To activate/override them, you just need to set spring.profiles.active on the according environment.

This can be done trough one of the 14(!) defined property sources in Chapter 2, Externalized Configuration, e.g.:

  • (java.lang.)System property (6.):
    java -jar -Dspring.profiles.active=prod target/myApp.jar 
    
  • also convenient: (5.) Env variables (we have to apply "relaxed rules"..):
    # in windows: SET SPRING_PROFILES_ACTIVE=prod
    export SPRING_PROFILES_ACTIVE=prod
    java -jar target/myApp.jar
    
  • or 11. (different, and more prioritized than 6.):
    java -jar target/myApp.jar --spring.profiles.active=prod
    
  • ... (I recommend something "below 5.", though it is ) also possible in application.properties (3.)

General Tipps:

  • Don't "double maintain" common properties like:
    spring.mail.host=smtp.gmail.com
    spring.mail.port=587
    # ...
    spring.mail.properties.mail.smtp.auth=true
    # ...
    
    for these single location (application.properties) is ok!
  • Use or dev or prod (recommended) properties in application.properties, which adds you "default behavior" (with its benefits (less to care about/maintain) & trade-offs (more to forget/hidden))

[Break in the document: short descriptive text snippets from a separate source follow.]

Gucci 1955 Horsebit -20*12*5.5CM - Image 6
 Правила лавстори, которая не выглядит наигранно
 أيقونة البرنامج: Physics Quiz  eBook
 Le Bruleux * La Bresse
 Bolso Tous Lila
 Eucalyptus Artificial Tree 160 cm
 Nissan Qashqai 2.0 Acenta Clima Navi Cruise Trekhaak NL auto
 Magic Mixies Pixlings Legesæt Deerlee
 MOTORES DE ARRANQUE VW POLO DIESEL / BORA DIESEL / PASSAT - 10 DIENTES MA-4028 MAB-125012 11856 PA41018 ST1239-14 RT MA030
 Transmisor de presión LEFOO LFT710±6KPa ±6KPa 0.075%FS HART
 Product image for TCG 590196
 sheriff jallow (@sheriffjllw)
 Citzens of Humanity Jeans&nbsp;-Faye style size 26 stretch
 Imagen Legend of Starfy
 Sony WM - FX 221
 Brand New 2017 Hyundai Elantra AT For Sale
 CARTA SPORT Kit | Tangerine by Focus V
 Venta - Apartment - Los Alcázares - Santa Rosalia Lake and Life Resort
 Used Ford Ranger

How to achieve profile activation on PROD

  • Or use prod properties as application.properties (recommended, "opt-in" DEV other environments)
  • Or activate it in one of the ways proposed above.

How to achieve profile activation on DEV (with IDE)

If we chose DEV as application.properties, then this is also accomplished (and maybe even to prefer for very "dev driven"/prototype environments).

If we chose PROD as application.properties, then we need to do basically the same for DEV - set spring.profiles.active:

  • add spring.profiles.active=dev property to our maven/gradle build (configuration, in IDE)
  • or add --spring.profiles.active=dev parameter on our spring-boot:run (configuration, in IDE)
  • I would not mix maven profiles with spring profiles, if you don't really have good reason for, but if...
  • On the spring-boot-maven(/gradle)-plugin, you can set it like:
    <project>
       <properties>
           <app.profiles>local,dev</app.profiles>
       </properties>
       <build>
           <plugins>
               <plugin>
                   <groupId>org.springframework.boot</groupId>
                   <artifactId>spring-boot-maven-plugin</artifactId>
                   <configuration>
                       <profiles>${app.profiles}</profiles>
                   </configuration>
               </plugin>
           </plugins>
       </build>
    </project>
    
    reference

In Tests

It depends:

  • in which (of all) environment(s) will it run?
  • what profile should it use?

We have the very handy annotation @ActiveProfiles, but its value should be quite "fixed" (for all environments, where tests are run).

When this is not sufficient, consider to introduce an extra profile(group)/setting for tests.

But we can also pass the spring.profiles.active property to (e.g) maven-surefire/failesafe-plugin, like:

<configuration>
  <argLine>-Dspring.profiles.active=${some.maven.property}</argLine>
</configuration>

For Secrets

Spring Boot (admits&) recommends:

Spring Boot does not provide any built in support for encrypting property values, however, it does provide the hook points necessary to modify values contained in the Spring Environment. The EnvironmentPostProcessor interface allows you to manipulate the Environment before the application starts. See howto.html for details.

If you need a secure way to store credentials and passwords, the Spring Cloud Vault project provides support for storing externalized configuration in HashiCorp Vault.

Though container/cloud-driven, spring-boot has no real support for:

Docker Secrets

...but there are several articles/so-questions/github-respositories around, targeting that use case.